◆ **TASK REQUIREMENTS**:
With the pictures omitted, repeat exactly the lines below starting with the line that has "Meet your Posher, Margaret" and going on through the line that has "Non Slip Double".

◆ **SUPPLIED INFORMATION**:
══════

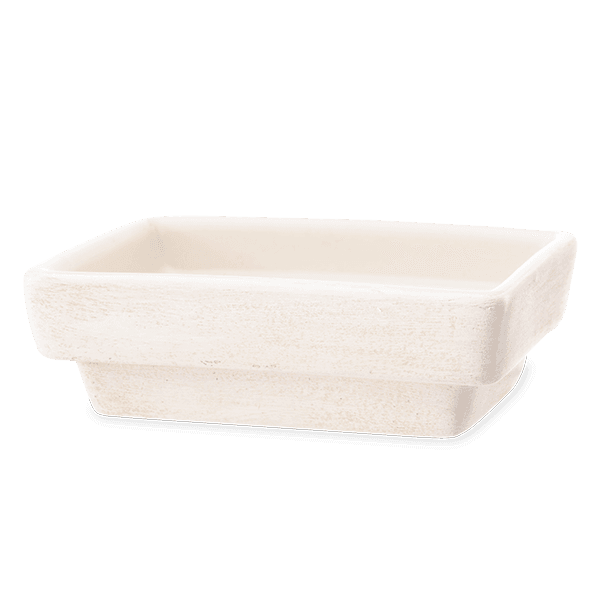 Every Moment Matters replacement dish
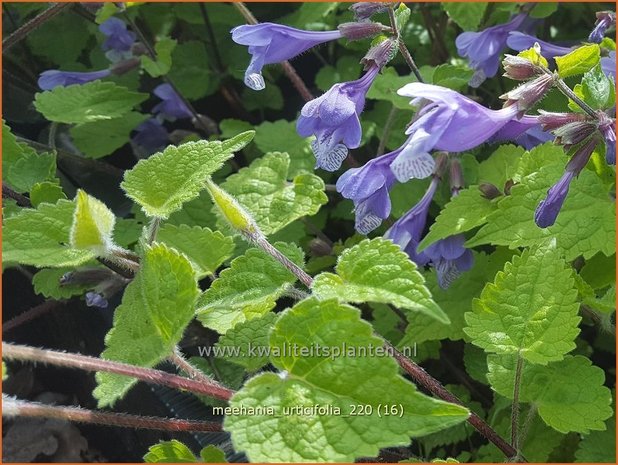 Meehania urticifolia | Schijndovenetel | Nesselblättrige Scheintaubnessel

══════

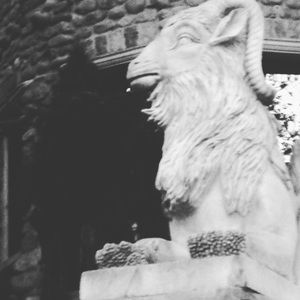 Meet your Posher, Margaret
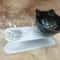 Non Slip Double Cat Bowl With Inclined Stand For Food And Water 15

══════

◆ **EXERCISE OUTPUT**:
 Meet your Posher, Margaret
 Non Slip Double Cat Bowl With Inclined Stand For Food And Water 15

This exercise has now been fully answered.